“Annotated” Mein Kampf in Germany

The New Observer
December 16, 2015

Some 4,000 copies of a heavily annotated Mein Kampf will legally appear in selected German bookshops on January 8, 2016, for the first time in 70 years—but after that the state will not be able to prevent anybody else publishing the work.



The Institute of Contemporary History (IFZ) in Munich, which has been hard at work preparing the “new” edition, titled Hitler, Mein Kampf. A Critical Edition, said it will contain 1,948 pages and will sell for €59, or around $62—an extravagant price which will do much to stifle its sales.

However, the official copyright on Mein Kampf in Germany expires at the end of 2015. Copyright to Hitler’s famous book passed to the state of Bavaria, which officially inherited all of his property in 1946, as he died without heirs.

The new version of Mein Kampf apparently contains the original German text, but each page is matched, almost paragraph by paragraph, by a facing page with no less than 3,500 “annotations.”

The purpose of these “annotations,” said an IFZ spokesman, is to “shatter the myth” surrounding the book.

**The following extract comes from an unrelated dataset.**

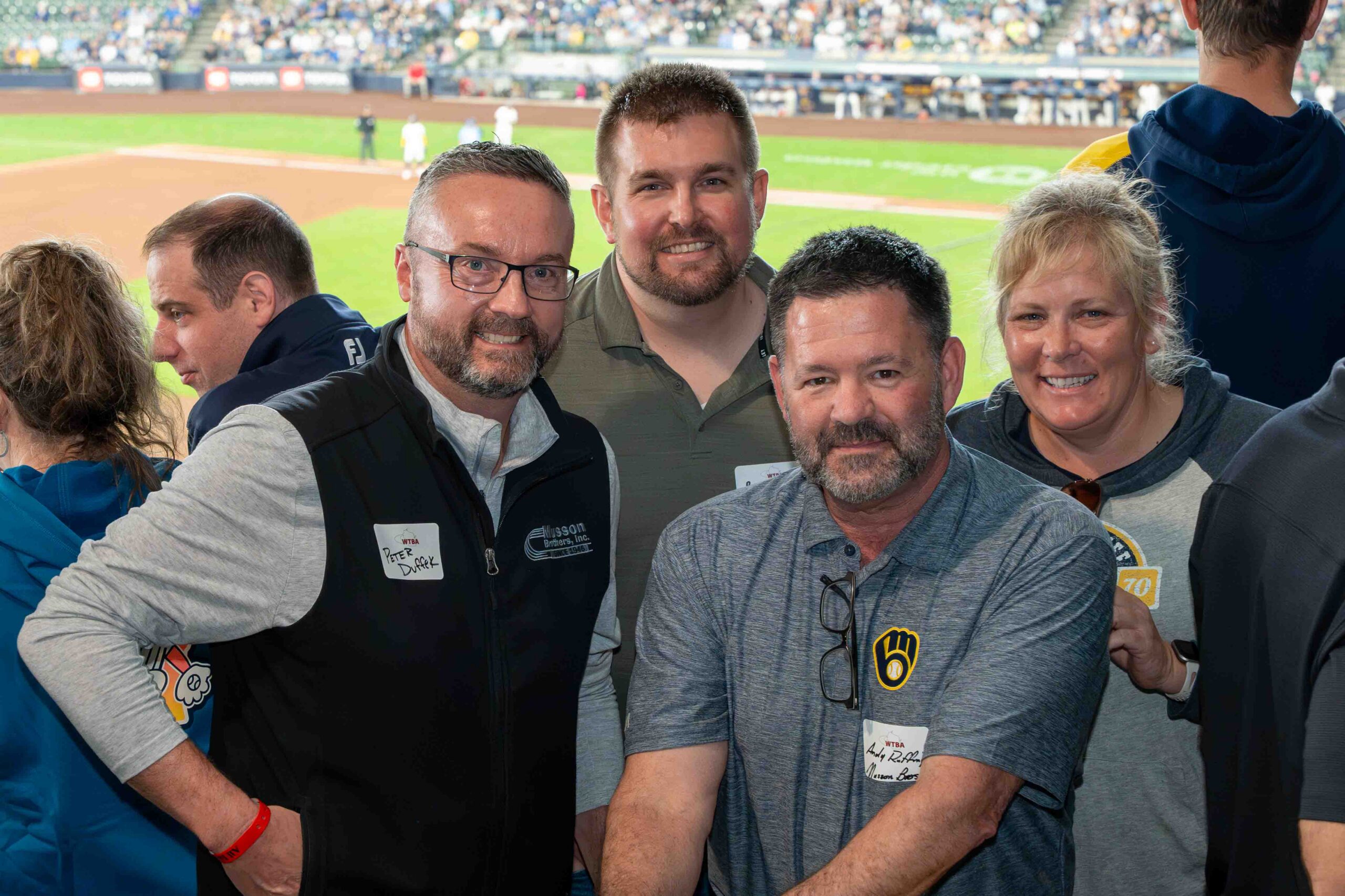 Five adults pose for a group photo in the stands with a baseball field in the background, all smiling at the camera.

This is somewhat of a bizarre claim, as there has never been any “myth” about the book, as anyone who has actually read it knows.

The book’s contents do not, as a recent edition of the sole originally authorized English edition noted, contain a “plan for world domination” or any other such nonsense.

Instead, it consists of a short autobiography, the effect of the First World War upon Germany, a discussion of race and the Jewish Question, the constitutional and social makeup of a future German state, and the early struggles of the NSDAP up to 1923.

The first five chapters are autobiographical in nature, dealing with Hitler’s personal life up to his service in the German army in World War I, ending with his temporary blinding by a British gas attack on the Western Front.

The next chapter deals with a discussion on the effectiveness of Allied War propaganda in the First World War, and a comparison with the German propaganda, which Hitler dismissed as a failure, and explained why.

The following two chapters are an eyewitness account of the Marxist-led revolution in Germany at the end of the War which led to the collapse of the German state and the Treaty of Versailles, and how Hitler was used by the German Army in 1919 to give political lectures for troops recently returned home. Then, a chapter explains how he was ordered by the Army to report on the tiny and ineffectual “German Labor Party”—and how he ended up being added to its membership without his consent.

From then on, the book is devoted to a description of the activities of the early period of the Nazi party, including the formation of the Brown shirts, the first meetings of the party, the violence perpetrated against the party by the Communists, and  the internal structure of the party. The narrative ends just before the 1923 Putsch which saw him imprisoned.

Only one chapter, “Nation and Race” actually deals with his racial ideology in any real depth—out of a total of twenty-seven.

As can be seen, none of these topics are “mythical” in any sense of the word, and most of the work, which in normal “non-annotated” editions runs to less than 600 pages, is mainly of historical interest.

Nonetheless, Jewish groups in Germany have warned that the “book is dangerous and should never be printed again.”

Of course, the Internet and the free availability of the book in so many different formats has made a mockery of the German government’s censorship of the text.